In [1]:
import pandas as pd
from sklearn.preprocessing import MinMaxScaler
from sklearn.ensemble import RandomForestRegressor
from sklearn.model_selection import GridSearchCV, train_test_split
from sklearn.metrics import mean_squared_error, r2_score, mean_absolute_error
from google.colab import drive
import pickle
drive.mount('/content/drive')

# Change directory to the location of the file
%cd /content/drive/Shareddrives/ACS6403 - Group Project/Deliverable 5 Final Project Report/Prediction Model/

input_data_1 = '/content/drive/Shareddrives/ACS6403 - Group Project/Preprocessed Data/input_data.txt'  # Update the path
output_data_1 = '/content/drive/Shareddrives/ACS6403 - Group Project/Preprocessed Data/output_data.txt'  # Update the path

# Load the input and output data
input_Data = pd.read_csv(input_data_1, sep=',')
input_Data.columns = ['Input 1', 'Input 2', 'Input 3']
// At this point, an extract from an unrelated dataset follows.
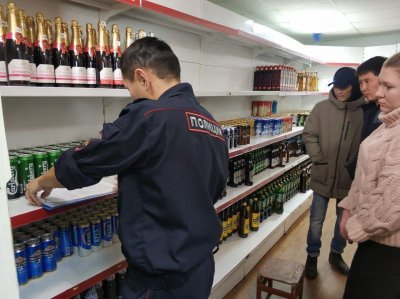 Оймяконские полицейские пресекли незаконную продажу алкоголя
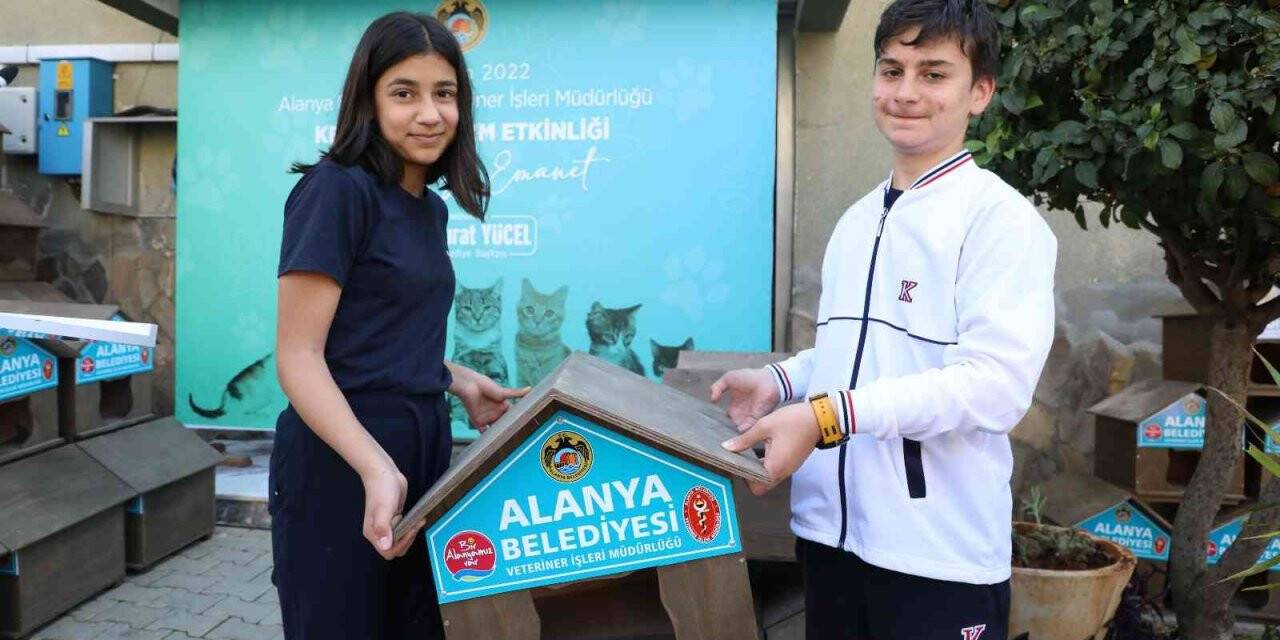 Alanya’da miniklere can dostları için evler dağıtıldı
output_Data = pd.read_csv(output_data_1, sep='\s+')
output_Data.columns = ['Output 1', 'Output 2', 'Output 3', 'Output 4', 'Output 5', 'Output 6', 'Output 7']

# Initialize MinMaxScaler
scaler = MinMaxScaler()

# Scale input and output data
input_Data_normalized = scaler.fit_transform(input_Data)
input_Data_normalized = pd.DataFrame(input_Data_normalized, columns=input_Data.columns)
output_Data_normalized = scaler.fit_transform(output_Data)
output_Data_normalized = pd.DataFrame(output_Data_normalized, columns=output_Data.columns)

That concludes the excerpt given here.